Short text fragments from websites:
- - - - -

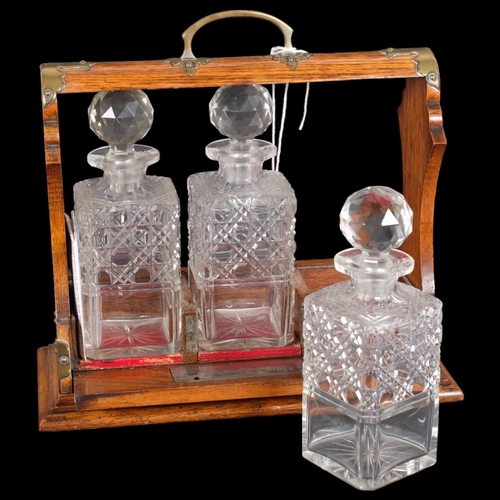 27 - A Gothic brass-mounted oak 3-bottle tantalus, with 3 hobnail glass square-section decanters and stop... 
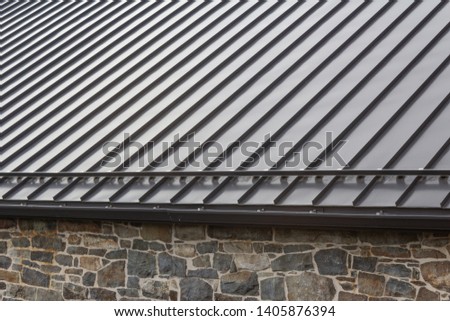 Standing seam modern metal roof over vintage stone wall, horizontal aspect Royalty-Free Stock Photo #1405876394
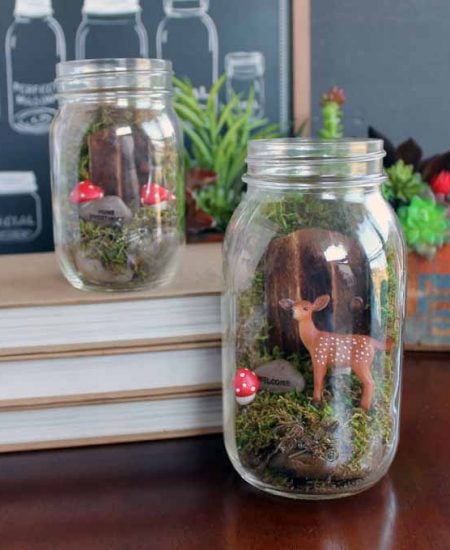 Make this fairy garden terrarium from a mason jar! A quick and easy craft project that makes a great gift idea!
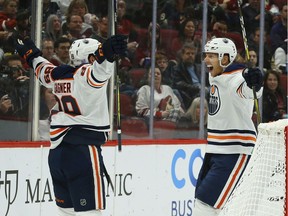 Edmonton Oilers right wing Alex Chiasson, right, celebrates his goal against the Arizona Coyotes with center Sam Gagner (89) during the second period of an NHL hockey game Sunday, Nov. 24, 2019, in Glendale, Ariz.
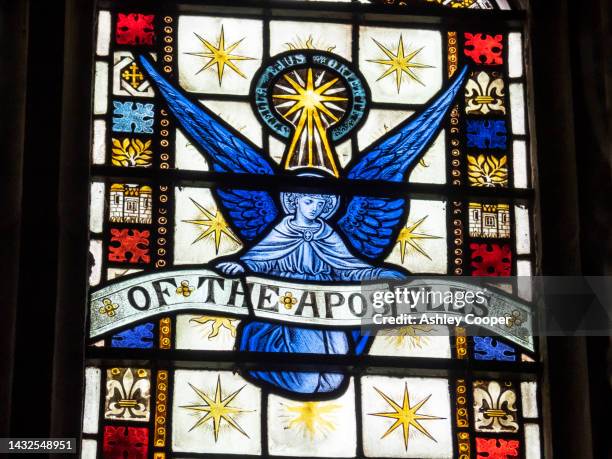 stained glass in downham church near clitheroe, lancashire, uk. - stained glass angel stock pictures, royalty-free photos & images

- - - - -

Exercise aim: Every line of the data above should be repeated exactly. Omit the pictures.

Worked solution:
 27 - A Gothic brass-mounted oak 3-bottle tantalus, with 3 hobnail glass square-section decanters and stop... 
 Standing seam modern metal roof over vintage stone wall, horizontal aspect Royalty-Free Stock Photo #1405876394
 Make this fairy garden terrarium from a mason jar! A quick and easy craft project that makes a great gift idea!
 Edmonton Oilers right wing Alex Chiasson, right, celebrates his goal against the Arizona Coyotes with center Sam Gagner (89) during the second period of an NHL hockey game Sunday, Nov. 24, 2019, in Glendale, Ariz.
 stained glass in downham church near clitheroe, lancashire, uk. - stained glass angel stock pictures, royalty-free photos & images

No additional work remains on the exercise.